Quarterly analysis of the AIM market by Deloitte, the business advisory firm, has shown that activity on AIM in quarter four of 2008 'flat-lined,' with total new money raised at its lowest level in the last decade, including no new money at all raised in the month of October.
Richard Thornhill, capital markets Director at Deloitte, commented: "The extremely low levels of activity in quarter four are the culmination of a year of turmoil for the AIM market, which appears to have suffered particularly severely from the wider upheaval in the world economy:
* Fewer companies are coming to the market, and they are smaller - there were 114 listings in the year with average market capitalisation of £45m, compared to 284 listing with an average market capitalisation of £63m in 2007 (both periods being lower than AIM's peak across 2005 and 2006 which saw 519 and 462 listings respectively);
* Fundraising has been significantly more difficult - £1.1bn of new money was raised by companies listing on AIM in 2008, and £3.2bn of secondary funds were raised by companies already listed (2007: £6.5bn new money and 9.6bn secondary);
* The number of companies on the market is falling after a decade long run of expansion - number of companies at 31 December 2008 was 1,550 compared with 1,674 at 31 December 2007; and
* Market values have been routed, with the total capitalisation of the AIM market falling a remarkable 61% in the year from £97.6bn to £37.7bn.

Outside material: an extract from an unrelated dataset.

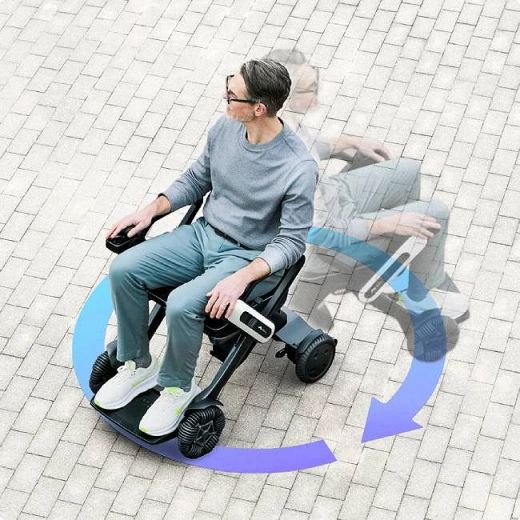 Whill Model C Lite ,Silla de ruedas eléctrica plegable de carbono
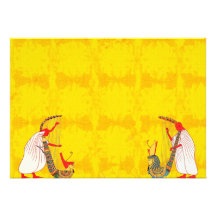 Egyptian Musician Invitations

These dramatic movements in the year have resulted in a change in the tone of commentary and general optimism surrounding the AIM market, from a major UK success story to a market where investors should be very wary indeed. But is this a fair assessment of the market as it stands today? Thornhill highlighted the following observations:
"Reviewing the largest companies by market capitalisation at December 2007 against 2008 shows many natural resources, oil & gas and mining companies on both lists. However, in line with valuations on the London Main List these have shown significant reductions in market capitalisation during the course of 2008.
"It is particularly notable that many of the largest companies on AIM at the end of 2007 were real estate holding and development companies, wanieanies, which represented 11 of the 50 largest companies (22%). Fast forward to 2008 and the negative sentiment around global real estate has seen many of these companies shrink in value, such that only 5 of the top 50 companies are in this sector, and again at a much reduced valuation
"The reduction in the significance of these two sectors over the year does appear to have led to a broadening of the industry make-up of the largest companies on the market. The top 50 companies now include a number of industries of previously limited significance, such as Insurance (Lancashire Holdings and Omega Insurance) Biotechnology (ABCAM), Gambling (Sportingbet), Food Wholesalers (Booker) and even the return of Internet Retail (ASOS)
So it appears that AIM has been particularly hard hit due to its exposure to mining, gas and natural resources, plus real estate - but considering the market today and looking forward this appears to have left it more diversified as at the end of 2008."
What do we expect going forward into 2009?
Thornhill commented: "It is difficult to foresee any change in the negative sentiment towards AIM in the short to medium term.
"At the time of writing there have been no new admissions to AIM since the turn of the year, suggesting that the market remains effectively closed. There is a continuing shake out of the more speculative propositions on the market as economic conditions stress all but the most solid business plans. This has led to shareholder losses as well as ongoing adverse media commentary. We believe institutional shareholder continue to question the overall rationale for investment in small cap companies.
"Despite the negative sentiment surrounding the market there are undoubtedly good companies on AIM that can be held up as success stories - it is a fallacy to suggest that all AIM companies are poor propositions.
"However, we expect that a re-evaluation of the potential for the AIM market as a whole will prompt a certain amount of consolidation. Companies that are over-leveraged or generating weak revenues will look to ensure their own survival by seeking transactions with the companies which have benefited from the resources boom. This consolidation, along with renewed investor appetite for growth companies, are both pre-requisites for a return to the positive outlook of recent years."
We will continue to track the AIM market for signs of life in 2009.